Seigneur Dieu ! que de bruits et de clarté ! De part et d'autre, d'immenses maisons à quatre étages, dont les murs répercutent le tonnerre des sabots et des roues qui semblent jaillir du sol à chaque pas; les ponts frémissent; les carrosses volent; les cochers vocifèrent; la neige crisse sous les patins de milliers de traîneaux; les piétons se serrent peureusement sur le trottoir; leurs ombres gigantesques se projettent sur les murailles, de l'autre côté de la chaussée et rampent jusqu'au toit, jusqu'aux cheminées.
Le forgeron galopait, bouche bée de surprise. Il lui semblait que toutes les maisons écarquillaient sur lui leurs yeux de flamme et le dévisageaient..."
Sofia Troubetzkoy, la princesse russe qui a introduit le sapin de Noël en Espagne
Comme cela est fréquent dans ces cas, il existe toutes sortes de légendes sur l'origine de l'arbre de Noël, mais presque toutes les versions s'accordent sur l’origine allemande ou scandinave de cette coutume qui s'est répandue tout au long du XIXème siècle dans d'autres parties de l'Europe.

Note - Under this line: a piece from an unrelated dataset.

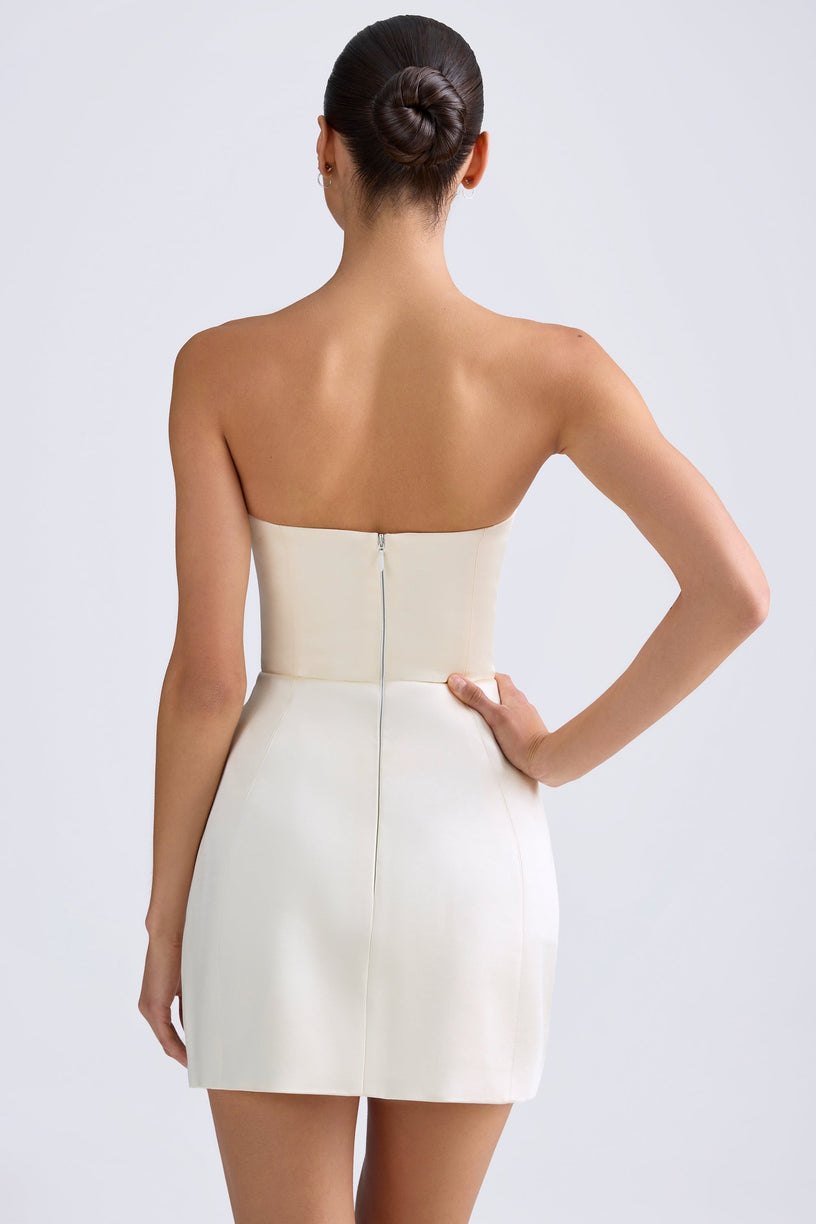 Bandeau Structured Tulip Mini Dress in Ivory - 2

L'arbre a quitté l'Allemagne par Albert de Saxe, époux de la reine Victoria d'Angleterre, qui l'a fait planter pour la première fois dans son royaume vers 1840.
Dans le cas de l'Espagne, l'introducteur de cette coutume fut une princesse russe très populaire, très engagée dans les conflits dynastiques locaux et admirée parmi la haute société madrilène...

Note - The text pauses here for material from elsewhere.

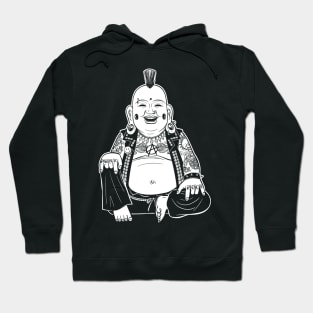 Punk Buddha with cool Piercing Expander and Tattoos Hoodie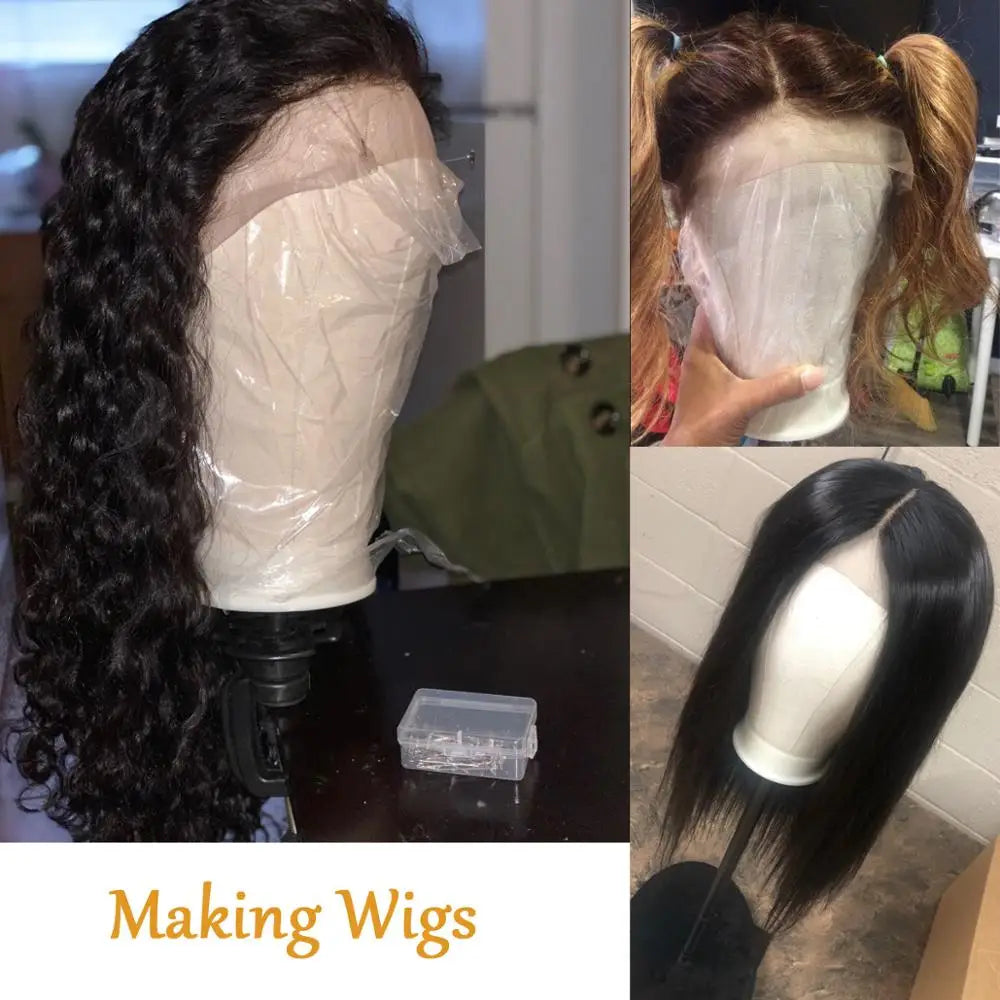 Alileader Wig Head Set Canvas Block Head For Making Wig Styling Tools Mannequin Wig Head Stand C/T-Pins Wig Caps Wig Melt Band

Sofia Troubetzkoy est née en 1838 à Saint-Pétersbourg, et bien qu'elle soit officiellement la fille d'un officier de cavalerie russe, le prince Serge Troubetzkoy, il était de notoriété que son vrai père était l’empereur Nicolas Ier.
Connue comme l'une des plus belles femmes de l'aristocratie européenne, la princesse était devenue veuve en 1865 d’un demi-frère de Napoléon III avant d’épouser quatre ans plus tard José Isidro Osorio y Silva-Bazán, duc de Sesto, marquis d'Alcañices et maire de Madrid entre 1856 et 1865, alors que la reine Isabelle II avait déjà été écartée du trône d’Espagne.
Le couple s'était installé dans le palais d'Alcañices à Madrid - un bâtiment aujourd'hui disparu et situé sur le site actuel de la Banque d'Espagne -, où se tramaient tous les complots d'Antonio Cánovas del Castillo pour renverser Amédée de Savoie et restaurer les Bourbons.
En effet, après la révolution de 1868, Isabelle II avait abdiqué en faveur de son fils, le futur Alphonse XII. Mais le Parlement espagnol prononçant la déchéance de la maison de Bourbon, le général Francisco Serrano, régent du royaume, et les Cortes, offrirent le trône au second fils de Victor-Emmanuel II, roi de Sardaigne devenu roi d'Italie, et d'Adélaïde de Habsbourg-Lorraine, arrière-petite-fille de Charles III d'Espagne.
En fait, les ducs de Sesto ont non seulement financé la cause (ce qui les avait d'ailleurs ruiné), mais la princesse Sofia Troubetzkoy avait engagé la Russie, son pays natal, à reconnaître rapidement Alphonse XII comme roi d’Espagne. Sofia se consacrait à mobiliser toutes les grandes dames de Madrid (« Révolte des Mantilles ») pour isoler le couple royal italien. « Alfonso, serre la main de Pepe (surnom du duc de Sesto), qui a réussi à te faire roi », aurait même dit Isabel II à son fils.
C'est précisément dans le palais d'Alcañices qu'en 1870, Sofía Troubetzkoy planta le premier arbre de Noël connu en Espagne, une coutume très répandue dans d'autres régions d'Europe ainsi qu’en Russie.
La princesse russe ayant alors déjà conquis la haute société madrilène par sa connaissance des modes et des bons usages des meilleurs salons européens, l'exemple se répandit. Lorsque Sofia est décédée à Madrid en 1898, le sapin de Noël avait déjà pris racine dans la ville et dans le reste de son pays d'accueil.